▶ BRIEF: Produce exactly the lines from the one holding "HOMCOM Modern Lounge" through the last line of the data below, with every picture left out.
---------- DATASET EXTRACT ----------
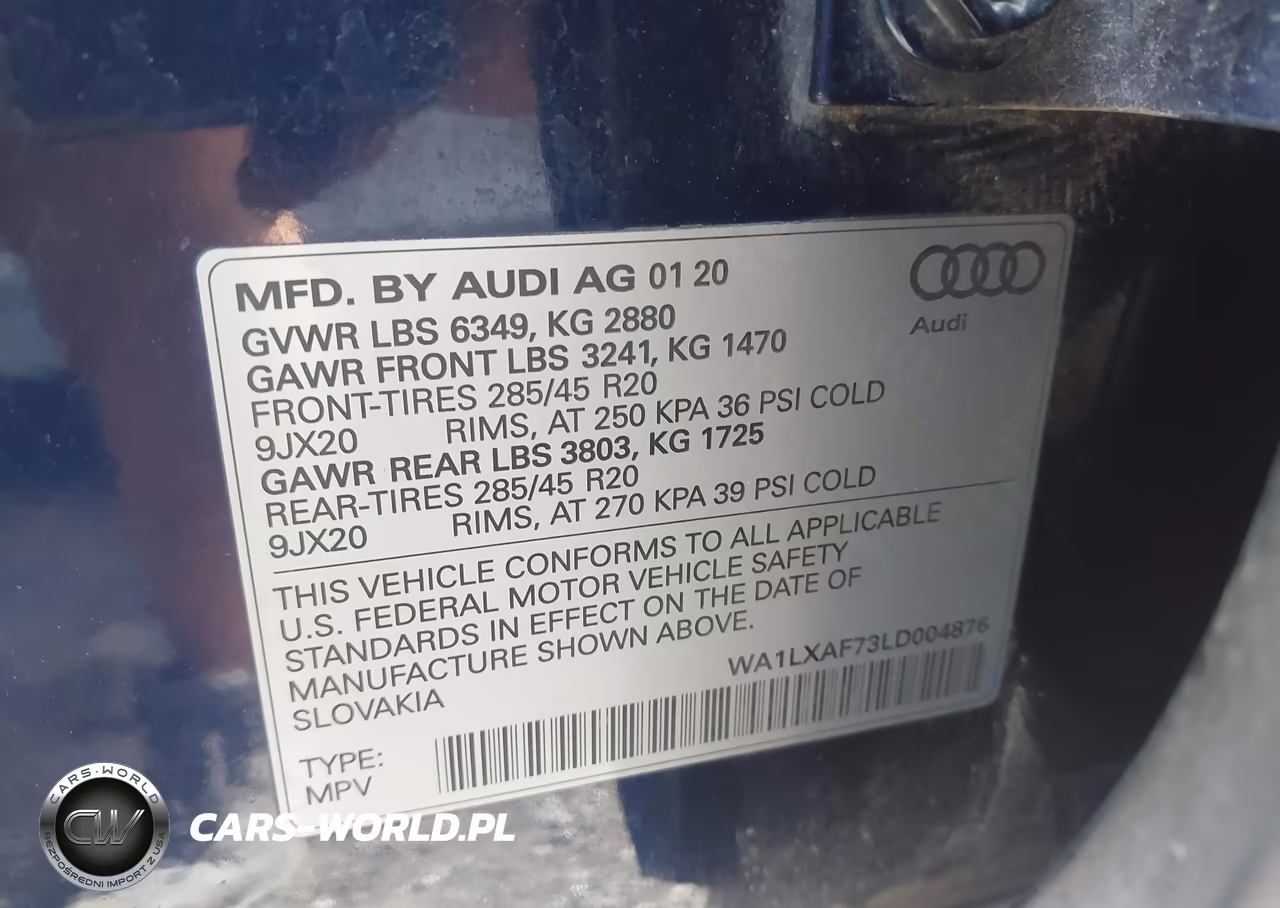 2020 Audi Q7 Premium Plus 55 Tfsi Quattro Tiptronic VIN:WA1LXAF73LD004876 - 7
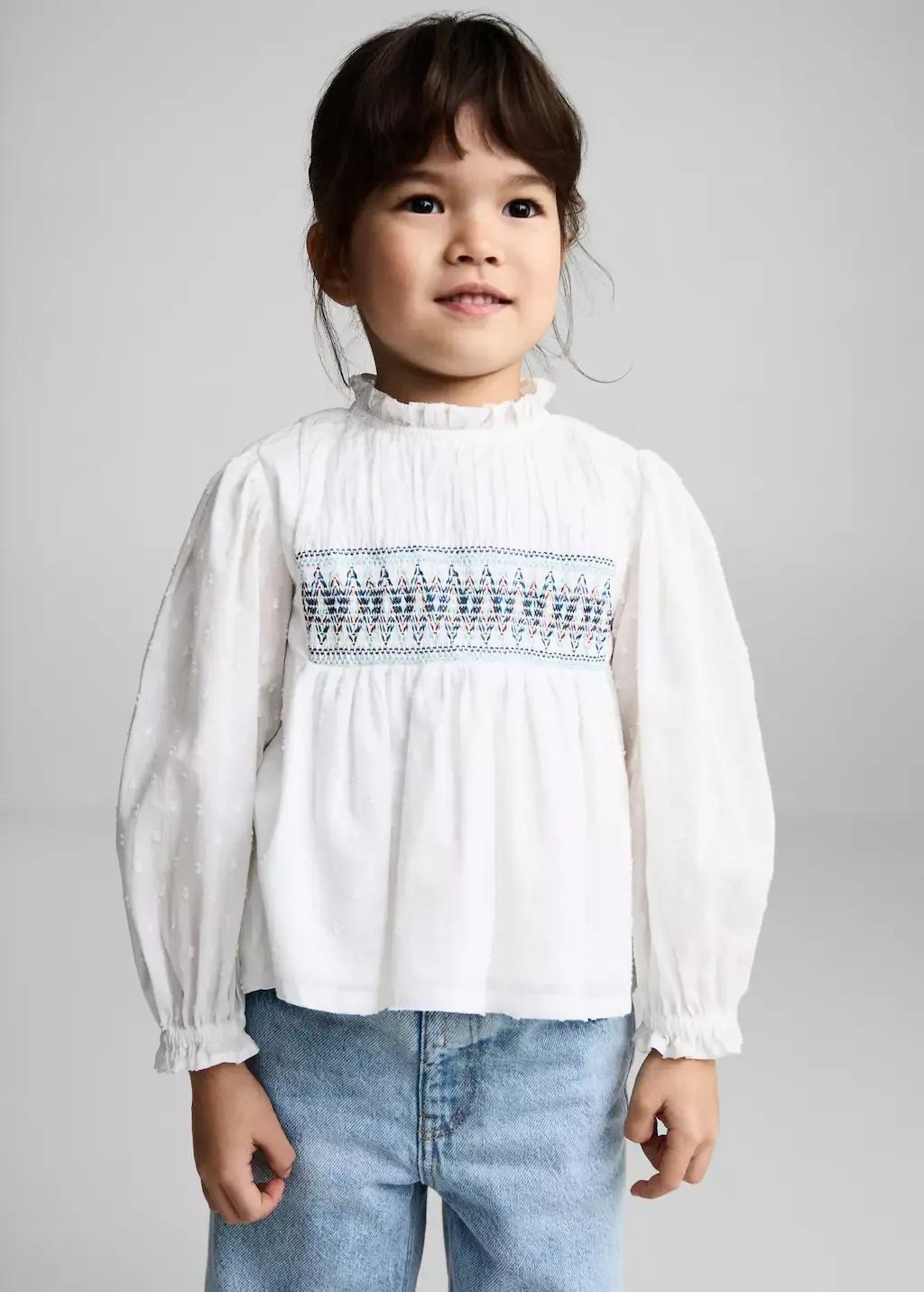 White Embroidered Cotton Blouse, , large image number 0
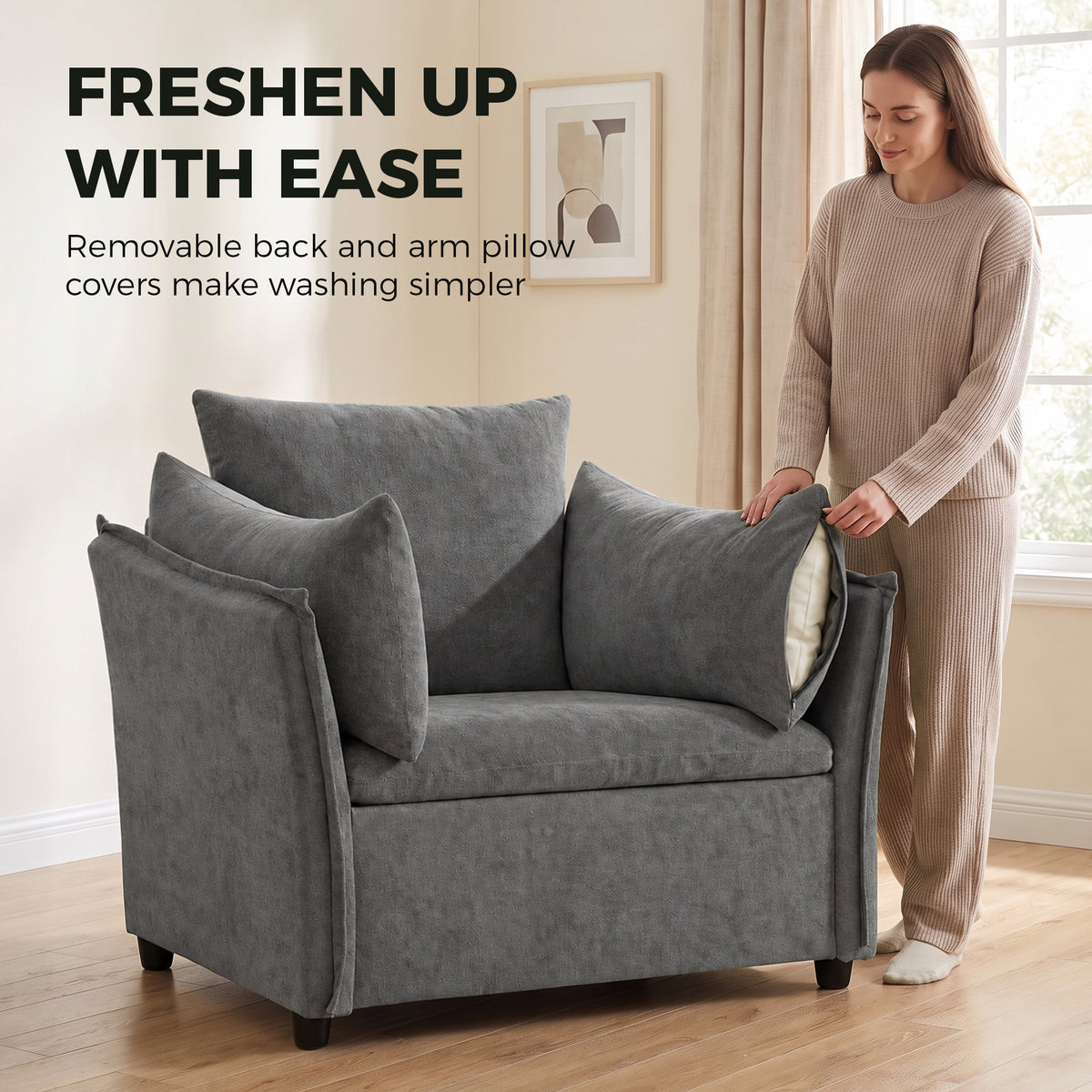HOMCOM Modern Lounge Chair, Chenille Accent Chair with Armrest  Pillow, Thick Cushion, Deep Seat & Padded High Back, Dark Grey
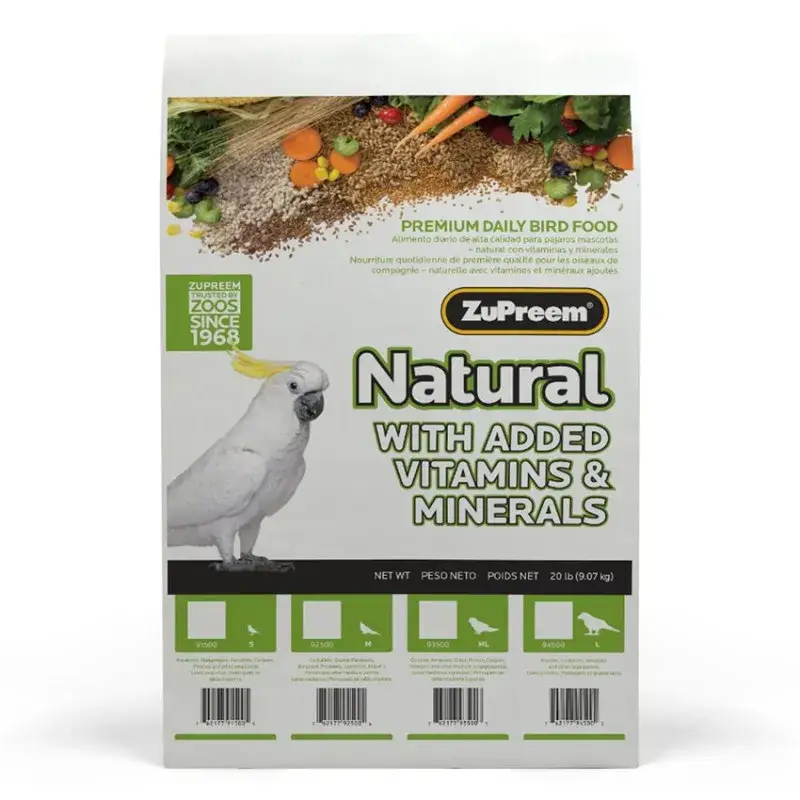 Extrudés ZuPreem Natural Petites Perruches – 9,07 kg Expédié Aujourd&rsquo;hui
----------
▶ RESPONSE TO THIS EXERCISE:
HOMCOM Modern Lounge Chair, Chenille Accent Chair with Armrest  Pillow, Thick Cushion, Deep Seat & Padded High Back, Dark Grey
 Extrudés ZuPreem Natural Petites Perruches – 9,07 kg Expédié Aujourd&rsquo;hui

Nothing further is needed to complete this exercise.